Auteur/autrice : CH91
Les meilleurs livres de fantasy pour débuter (Guide 2026)
Vous souhaitez découvrir la fantasy mais vous ne savez pas par quel livre commencer ?
Entre les immenses sagas, les univers complexes et les milliers de romans disponibles, il est facile de se sentir perdu.
Bonne nouvelle : il n’est pas nécessaire de lire les œuvres les plus longues pour tomber amoureux du genre. Certains romans sont particulièrement accessibles et permettent de découvrir progressivement la fantasy.
Voici notre sélection des meilleurs livres de fantasy pour débuter.
1. Le Hobbit — J. R. R. Tolkien
Impossible de ne pas commencer par ce grand classique.
Suivez Bilbo Sacquet dans une aventure pleine de dragons, de nains, de trolls et de trésors.
Contrairement au Seigneur des Anneaux, ce roman est relativement court et très accessible.
Pourquoi commencer par ce livre ?
- une lecture fluide ;
- un univers fascinant ;
- le point d’entrée idéal vers la Terre du Milieu.
2. Harry Potter à l’école des sorciers — J. K. Rowling
Même si beaucoup l’ont découvert pendant leur enfance, Harry Potter reste une excellente introduction à la fantasy.
Le lecteur découvre le monde magique en même temps que Harry, ce qui rend l’univers particulièrement facile à comprendre.
On aime :
- des personnages attachants ;
- une progression naturelle ;
- une saga qui grandit avec son lecteur.
3. L’Empire ultime (Fils-des-Brumes) — Brandon Sanderson
Si vous recherchez une fantasy moderne, Brandon Sanderson est une valeur sûre.
Dans un empire dirigé par un tyran immortel, une jeune voleuse découvre qu’elle possède un pouvoir extraordinaire.
Son système de magie est l’un des plus originaux jamais imaginés.
Pourquoi le lire ?
- un rythme captivant ;
- une intrigue pleine de surprises ;
- une excellente porte d’entrée dans le Cosmere.

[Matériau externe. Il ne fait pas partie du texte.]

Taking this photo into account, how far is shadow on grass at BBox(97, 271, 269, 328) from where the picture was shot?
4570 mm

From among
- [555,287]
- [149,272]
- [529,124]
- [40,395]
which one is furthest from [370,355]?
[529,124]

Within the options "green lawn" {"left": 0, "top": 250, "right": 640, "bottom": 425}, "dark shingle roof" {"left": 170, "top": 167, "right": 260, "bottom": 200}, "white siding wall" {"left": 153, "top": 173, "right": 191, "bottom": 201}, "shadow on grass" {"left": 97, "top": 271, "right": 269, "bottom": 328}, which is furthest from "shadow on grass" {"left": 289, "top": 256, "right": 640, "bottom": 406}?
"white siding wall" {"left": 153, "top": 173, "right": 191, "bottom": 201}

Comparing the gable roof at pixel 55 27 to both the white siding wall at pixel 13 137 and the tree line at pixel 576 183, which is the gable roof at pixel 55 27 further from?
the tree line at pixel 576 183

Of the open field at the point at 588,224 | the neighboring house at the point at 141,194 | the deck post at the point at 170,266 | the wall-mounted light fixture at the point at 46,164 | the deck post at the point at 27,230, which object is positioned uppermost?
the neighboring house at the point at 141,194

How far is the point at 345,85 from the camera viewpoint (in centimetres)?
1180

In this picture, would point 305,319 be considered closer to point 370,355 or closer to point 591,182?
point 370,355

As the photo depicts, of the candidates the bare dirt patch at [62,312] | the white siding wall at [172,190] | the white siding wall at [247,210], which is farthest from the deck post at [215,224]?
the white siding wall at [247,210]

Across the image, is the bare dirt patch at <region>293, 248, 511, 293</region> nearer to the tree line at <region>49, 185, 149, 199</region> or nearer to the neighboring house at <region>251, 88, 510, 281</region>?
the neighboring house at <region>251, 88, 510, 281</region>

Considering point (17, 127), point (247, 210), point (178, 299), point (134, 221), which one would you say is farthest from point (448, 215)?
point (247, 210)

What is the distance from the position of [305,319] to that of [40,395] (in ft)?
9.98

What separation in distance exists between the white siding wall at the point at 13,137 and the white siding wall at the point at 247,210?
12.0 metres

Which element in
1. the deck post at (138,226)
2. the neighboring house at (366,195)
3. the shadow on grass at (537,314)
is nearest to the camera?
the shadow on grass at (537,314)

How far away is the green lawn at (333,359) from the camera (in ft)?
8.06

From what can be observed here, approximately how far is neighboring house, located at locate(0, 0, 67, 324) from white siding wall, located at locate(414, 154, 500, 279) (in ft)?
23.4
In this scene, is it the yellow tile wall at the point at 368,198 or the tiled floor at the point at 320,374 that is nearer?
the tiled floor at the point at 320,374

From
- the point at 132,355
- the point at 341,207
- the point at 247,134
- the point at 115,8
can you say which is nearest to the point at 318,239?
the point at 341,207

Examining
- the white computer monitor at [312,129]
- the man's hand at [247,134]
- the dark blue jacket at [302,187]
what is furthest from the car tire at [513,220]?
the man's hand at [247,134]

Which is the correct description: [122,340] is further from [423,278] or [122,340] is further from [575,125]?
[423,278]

4. L’Apprenti Assassin — Robin Hobb
Robin Hobb privilégie les personnages aux grandes batailles.
On suit FitzChevalerie depuis son enfance jusqu’à son apprentissage auprès de l’assassin royal.
Peu d’auteurs savent créer des personnages aussi profonds.

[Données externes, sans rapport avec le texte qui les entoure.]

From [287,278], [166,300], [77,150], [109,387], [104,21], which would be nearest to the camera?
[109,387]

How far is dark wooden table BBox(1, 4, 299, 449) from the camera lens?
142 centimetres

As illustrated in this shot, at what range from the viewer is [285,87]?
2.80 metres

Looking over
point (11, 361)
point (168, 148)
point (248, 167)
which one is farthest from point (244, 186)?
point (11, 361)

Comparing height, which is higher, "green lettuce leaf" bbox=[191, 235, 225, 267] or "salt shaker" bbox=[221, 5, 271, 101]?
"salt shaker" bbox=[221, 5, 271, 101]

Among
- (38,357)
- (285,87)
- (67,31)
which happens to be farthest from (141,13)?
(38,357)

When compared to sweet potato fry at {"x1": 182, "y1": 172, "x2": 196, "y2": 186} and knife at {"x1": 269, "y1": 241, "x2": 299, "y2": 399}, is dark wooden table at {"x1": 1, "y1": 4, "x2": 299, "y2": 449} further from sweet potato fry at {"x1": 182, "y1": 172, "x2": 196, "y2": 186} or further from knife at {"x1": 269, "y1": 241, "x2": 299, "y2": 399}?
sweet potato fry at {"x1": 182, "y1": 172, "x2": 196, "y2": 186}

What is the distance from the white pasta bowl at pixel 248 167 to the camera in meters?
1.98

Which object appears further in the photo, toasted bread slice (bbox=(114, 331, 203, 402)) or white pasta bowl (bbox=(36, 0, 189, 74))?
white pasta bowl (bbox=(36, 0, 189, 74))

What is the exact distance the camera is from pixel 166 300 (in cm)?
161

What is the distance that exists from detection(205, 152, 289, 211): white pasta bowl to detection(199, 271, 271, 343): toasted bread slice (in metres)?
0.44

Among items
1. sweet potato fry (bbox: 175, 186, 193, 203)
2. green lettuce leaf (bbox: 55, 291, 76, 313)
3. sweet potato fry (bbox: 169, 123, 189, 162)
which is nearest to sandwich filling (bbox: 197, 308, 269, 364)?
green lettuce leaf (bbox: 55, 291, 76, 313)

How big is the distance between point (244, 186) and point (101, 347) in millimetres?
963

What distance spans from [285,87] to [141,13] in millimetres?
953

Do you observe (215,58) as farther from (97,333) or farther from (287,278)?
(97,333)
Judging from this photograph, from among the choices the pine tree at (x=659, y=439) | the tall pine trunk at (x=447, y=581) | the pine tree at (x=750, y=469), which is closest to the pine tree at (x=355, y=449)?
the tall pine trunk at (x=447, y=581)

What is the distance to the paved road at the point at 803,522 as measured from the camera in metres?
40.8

À conseiller si vous aimez :
- les héros complexes ;
- les émotions ;
- les histoires centrées sur les relations humaines.

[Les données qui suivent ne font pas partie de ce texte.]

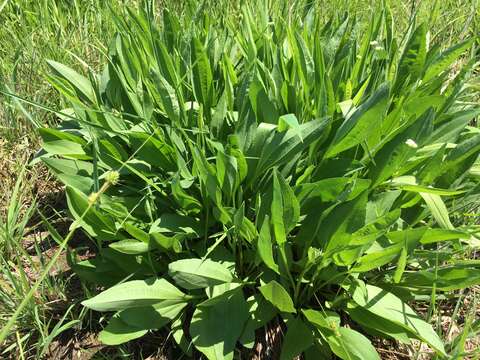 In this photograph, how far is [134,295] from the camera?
3.97ft

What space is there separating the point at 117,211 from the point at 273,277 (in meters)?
0.44

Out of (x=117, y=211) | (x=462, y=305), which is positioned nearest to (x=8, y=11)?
(x=117, y=211)

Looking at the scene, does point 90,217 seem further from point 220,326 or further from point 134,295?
point 220,326

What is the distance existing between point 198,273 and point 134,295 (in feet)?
0.54

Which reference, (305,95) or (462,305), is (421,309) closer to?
(462,305)

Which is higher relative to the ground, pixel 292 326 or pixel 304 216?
pixel 304 216

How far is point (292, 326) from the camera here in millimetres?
1273

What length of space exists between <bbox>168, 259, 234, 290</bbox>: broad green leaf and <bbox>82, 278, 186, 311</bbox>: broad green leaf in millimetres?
71

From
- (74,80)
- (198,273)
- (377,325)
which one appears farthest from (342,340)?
(74,80)

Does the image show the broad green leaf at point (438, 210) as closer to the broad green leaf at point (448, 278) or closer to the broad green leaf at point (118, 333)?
the broad green leaf at point (448, 278)

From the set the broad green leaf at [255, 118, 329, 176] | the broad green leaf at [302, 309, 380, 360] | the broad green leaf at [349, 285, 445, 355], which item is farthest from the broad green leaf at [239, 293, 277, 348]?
the broad green leaf at [255, 118, 329, 176]

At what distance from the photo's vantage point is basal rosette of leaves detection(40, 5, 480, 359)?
3.99 ft

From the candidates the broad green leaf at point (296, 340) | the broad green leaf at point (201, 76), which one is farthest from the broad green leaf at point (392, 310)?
the broad green leaf at point (201, 76)

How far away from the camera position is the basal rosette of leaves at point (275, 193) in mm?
1216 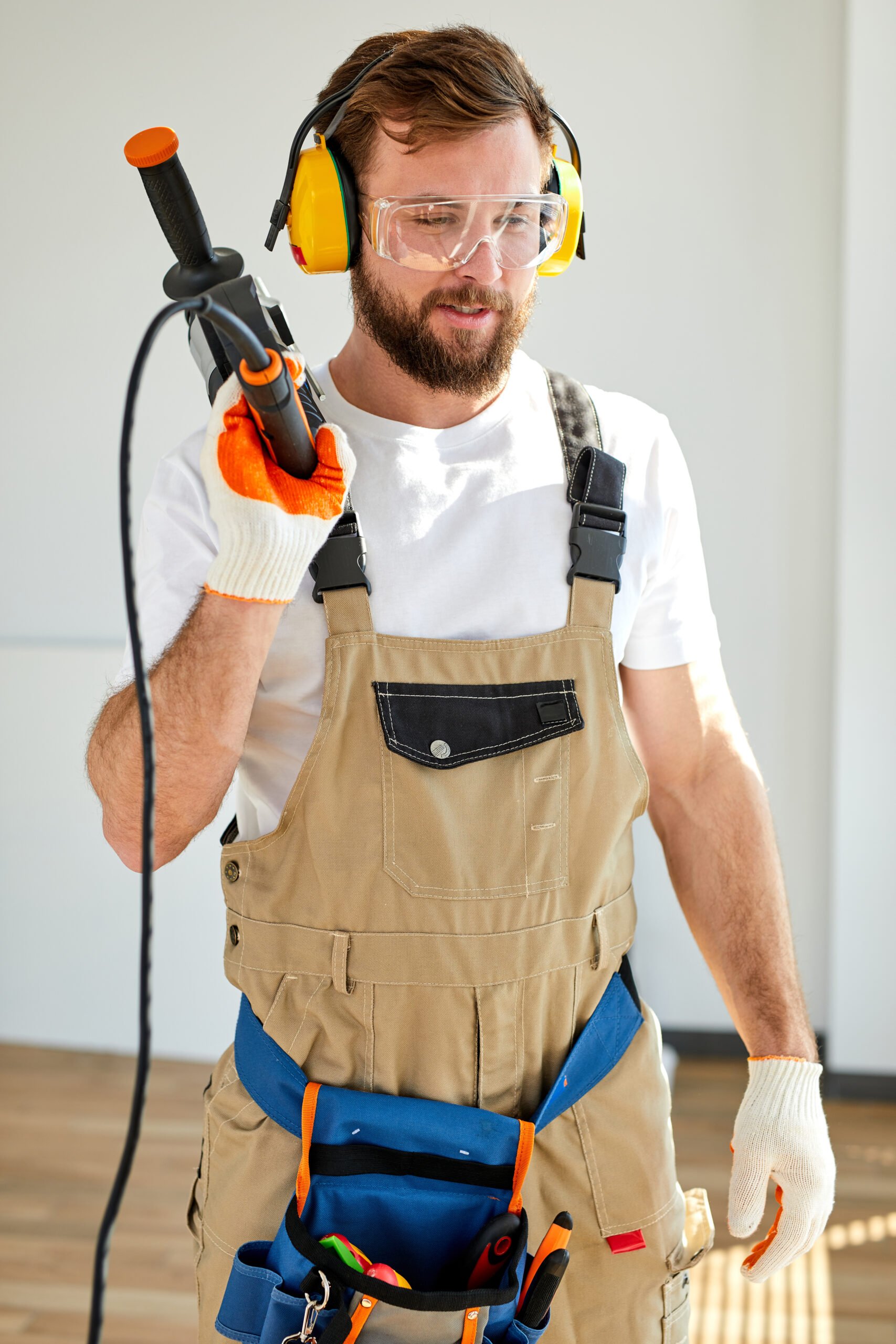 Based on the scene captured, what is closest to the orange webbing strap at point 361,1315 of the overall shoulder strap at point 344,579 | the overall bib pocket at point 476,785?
the overall bib pocket at point 476,785

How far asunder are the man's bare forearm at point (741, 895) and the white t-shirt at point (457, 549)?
16 centimetres

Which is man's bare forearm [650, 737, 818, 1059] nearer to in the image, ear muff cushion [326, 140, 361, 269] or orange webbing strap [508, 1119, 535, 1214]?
orange webbing strap [508, 1119, 535, 1214]

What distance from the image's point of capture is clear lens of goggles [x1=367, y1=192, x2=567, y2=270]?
1201 mm

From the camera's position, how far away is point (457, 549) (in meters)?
1.23

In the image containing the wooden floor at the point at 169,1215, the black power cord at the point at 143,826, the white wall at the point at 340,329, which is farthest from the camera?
the white wall at the point at 340,329

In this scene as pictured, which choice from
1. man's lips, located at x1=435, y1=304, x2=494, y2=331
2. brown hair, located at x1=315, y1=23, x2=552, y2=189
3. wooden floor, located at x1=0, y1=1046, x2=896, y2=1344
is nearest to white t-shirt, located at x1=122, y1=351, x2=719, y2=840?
man's lips, located at x1=435, y1=304, x2=494, y2=331

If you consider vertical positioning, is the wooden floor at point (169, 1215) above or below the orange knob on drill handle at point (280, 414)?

5. Les Lions d’Al-Rassan — Guy Gavriel Kay
Vous préférez une fantasy proche de l’Histoire plutôt que les dragons ?
Ce roman s’inspire de l’Espagne médiévale et offre une aventure magnifique où les personnages occupent le premier plan.
6. Terremer — Ursula K. Le Guin
Ged est un jeune apprenti magicien qui devra apprendre que le véritable pouvoir demande avant tout de la sagesse.
Cette œuvre poétique est devenue un classique de la fantasy.
Pourquoi le lire ?
- une écriture élégante ;
- un univers intemporel ;
- une réflexion sur la connaissance de soi.
7. L’Épée de Shannara — Terry Brooks
L’un des romans qui a popularisé la fantasy auprès du grand public après Tolkien.
Une aventure classique, idéale pour les lecteurs qui recherchent une quête épique.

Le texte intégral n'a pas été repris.